Hacker News new | ask | show | jobs
by tvjunky 3977 days ago
I think you have this a bit backward. The cleaning business is at it's core, a recurring revenue business. Cleaning at regular intervals keeps the cost down (time) and builds back profit if the first cleaning was discounted. Moving on the other hand is something you don't need often and is harder forecast revenue. In either case the employee/contractor problems exists.
2 comments

I assume what the GP is referring to is that nothing prevents a satisfied Homejoy customer from exchanging contact information with their cleaner (and, if they do like the cleaner, they would benefit from doing so rather than taking on future unknown cleaners).

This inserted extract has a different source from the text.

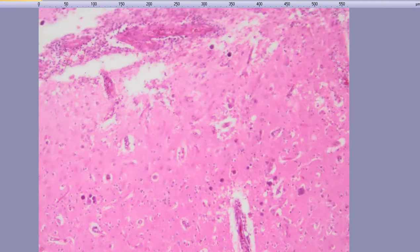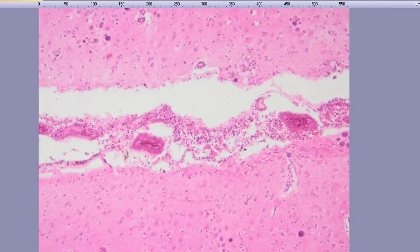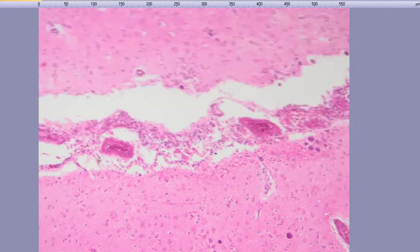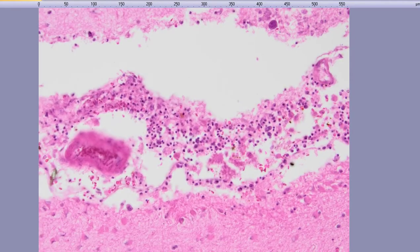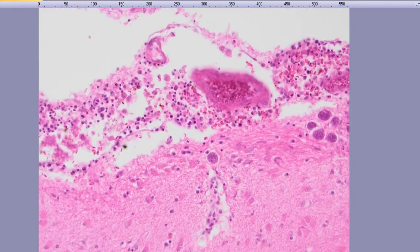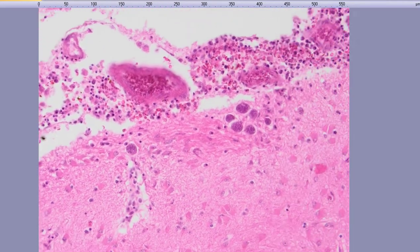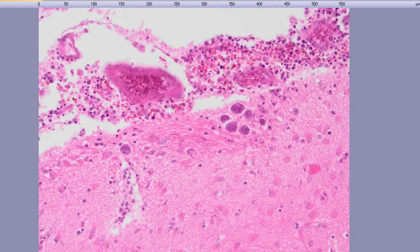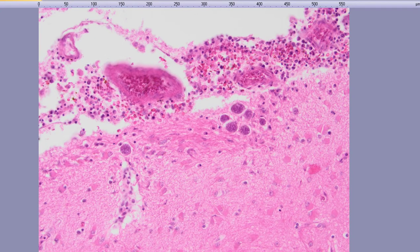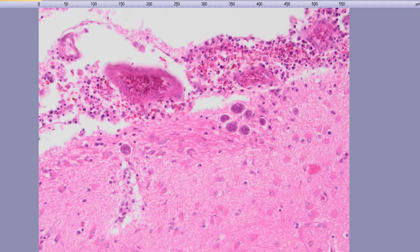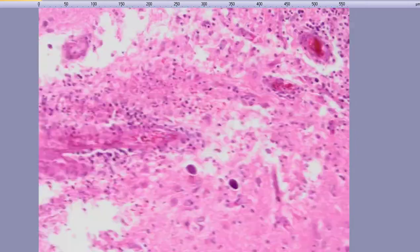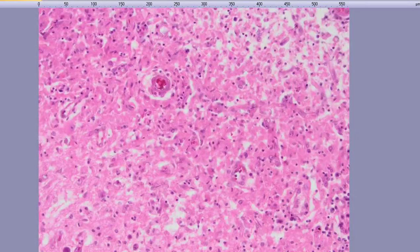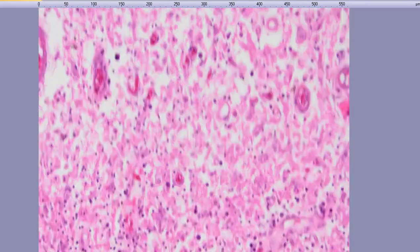You can also see an area of meningitis, sub-pial inflammation here. And again, you can see these cysts right underneath this area of sub-pial inflammation, and in fact, maybe necrosis over here.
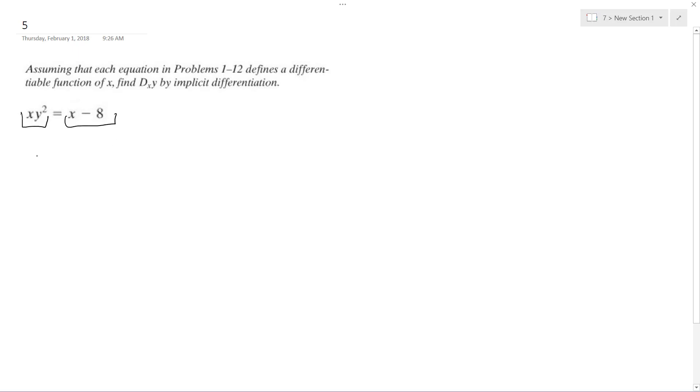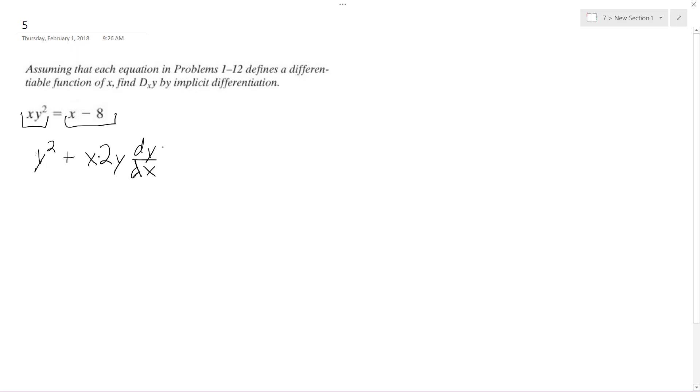the derivative of x is just 1, so we get y squared plus x times 2y dy/dx. That's the byproduct of taking the implicit differential. And then we get 1, and then 8 just becomes 0.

I believe the point was if you like your cleaner, you could contract with them directly the next time. Of course, there's probably some protection from going through the service, so not entirely true.
Sure if you assume HomeJoy as a lead Gen model, loyalty on both sides could be a problem. HomeJoy generally positioned their service like that. However, I don't think that was the intent in the long term. If loyalty is a problem with a service business then your customer acquisition has a flaw (high discount) or you provide no additional value to the customer (quality control, customer service, insurance, backup cleaners).Certainly the loyalty problem exists with "traditional" services as well. The big franchises stay in business by first providing good service and second loyal workers. Those factors plus acquiring the right kind of customer provides the recurring revenue this type of business needs to survive.